Gustavo, um Brasileiro.

texto retirado do jornal Zero Hora, 10/02/07

Dia desses, ouvi uma brincadeira. Era mais ou menos assim: "Ah, é, o Guga perdeu? E qual a novidade disso?". Fiquei chateado. Imediatamente, me veio uma lembrança da Copa de 1998, na França. Gustavo Kuerten estava em Paris para tentar o bi em Roland Garros, vencido por ele mesmo no ano anterior em uma final inesquecível contra o espanhol Sergi Bruguera. Guga já era o "Pelé do Tênis, que sabe fazer tudo como ninguém", conforme observou Gianni Clerici, respeitado jornalista especializado em tênis do La Republica, da Itália. Quatro anos depois, em 2001, Guga se consagraria tricampeão em Roland Garros, já como número 1 do mundo.
Mas voltemos a 1998.

Guga já era Guga quando visitou Lésigny, onde estava concentrada a Seleção. Era amigo de Denílson. E Denílson era o Perdigão daquela Copa. Fazia piadas, tirava onda com todo mundo. Pessoas como Denílson e Perdigão fazem amizades com naturalidade espantosa. Denílson conheceu Guga meses antes e, quando soube que estariam os dois em Paris por aqueles dias, o convidou para visitar o Chateau de Grand Romaine, castelo convertido em casa do Brasil na Copa. Guga chegou lá, brincou de tocar pandeiro, fez a alegria dos fotógrafos e, claro, concedeu entrevistas. Já tinha o que precisava para Zero Hora, mas o Diário Catarinense queria um material ampliado, e eu esperava minha vez de bater um papo mais longo, de cantinho, quem sabe com uma ou outra frase exclusiva, mesmo no meio daquele mundaréu de gente, sabe como é repórter. Guga conversava com um radialista do interior de Goiás, mas tinha prometido que eu seria o próximo. Então, chegou o Tino Marcos, da Globo.

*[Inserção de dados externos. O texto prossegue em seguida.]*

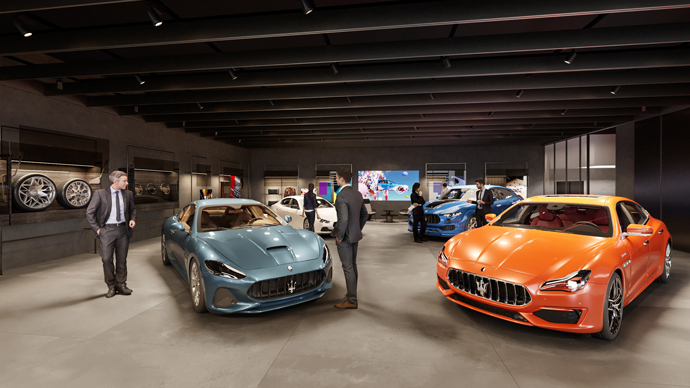 Maserati เปิดศักราชใหม่แห่งการขาย ด้วยโปรเจ็ค Maserati OTO Retail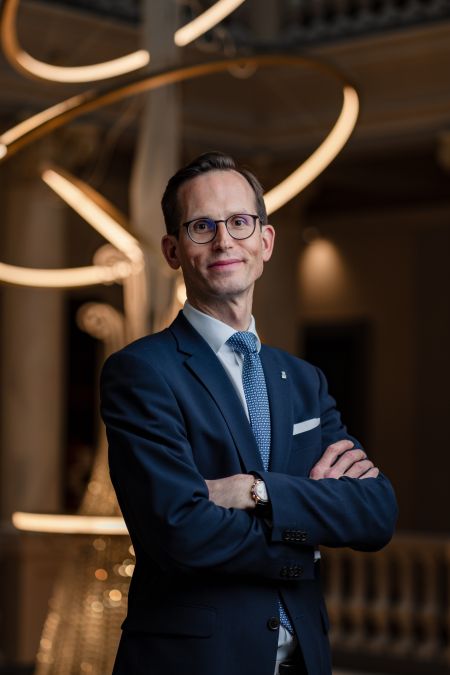 Antoni von Planta, Directeur Gnral du Ritz-Carlton Hotel de la Paix Genve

O Tino é um cara educadíssimo, gente boa mesmo. Vê dois gaúchos conversando e sai logo perguntando se tem lugar na confraria do chimarrão. Só que o Tino recém havia chegado aonde estavam Guga e os jogadores. TV é uma correria só. Tira o equipamento da van, faz entrevista, põe tudo na van de novo, vai gerar a imagem, sai correndo para a próxima pauta. Então, quando o Tino avistou o Guga, entrou de sopetão, nem deu tempo de olhar para os lados e tomar pé da situação. Queria sair logo gravando.

- Ô Guga, pode ser?

- Güenta aí, Tino. Deixa eu terminar aqui primeiro (com o radialista). Depois tem o parceiro ali da terrinha (eu, que ali estava pela RBS).

Deixei o Tino "furar a fila". Ele seria rápido, eu poderia conversar com o Guga logo depois, como realmente o fiz. Nunca mais esqueci esse episódio. Para ele, não importava se a entrevista na Globo seria vista por milhões de pessoas, enquanto nem uma fração disso o ouviria na rádio do interior. Poderia até ter acelerado a conversa para terminá-la logo, mas nem isso. Atendeu ao colega de Goiás até o seu entrevistador declarar encerrado o assunto. Respondeu até se, algum dia, havia escutado o berrante. Ali, o que valia era tratar a todos igualmente, respeitar quem chegou primeiro. Um gesto simples, mas cheio de significado em tempos de individualismo e intolerância.

Por isso fiquei chateado quando ouvi a brincadeira após a derrota no challenger de Florianópolis, esta semana. É mais ou menos nessa toada que vão as análises sobre sua tentativa de retorno às quadras após complicadas cirurgias no quadril. Quando ganhava todas era o ídolo, o exemplo, a manchete patriota. Agora que perde jogos na sua luta para voltar a fazer o que mais gosta, nada disso importa mais. É só descrença com pitadas de desrespeito. Tudo bem que esporte é momento e resultado, mas não dá para revogar o passado.

Quantos foram tri em Roland Garros? Quantos lideraram 17 semanas seguidas a Corrida dos Campeões? Quantos um dia venceram Roger Federer? E, o mais importante: quantos agiriam com aquele radialista lá do interior de Goiás como fez Guga? Não interessa se ele voltará a ser o campeão do passado. Vale, agora, o mérito de voltar, simplesmente. Além do mais, é arriscado duvidar de heróis. Chegou a hora de o Brasil acreditar em Gustavo Kuerten como ele sempre acreditou no Brasil.

Porque Guga, como bom brasileiro, não vai desistir.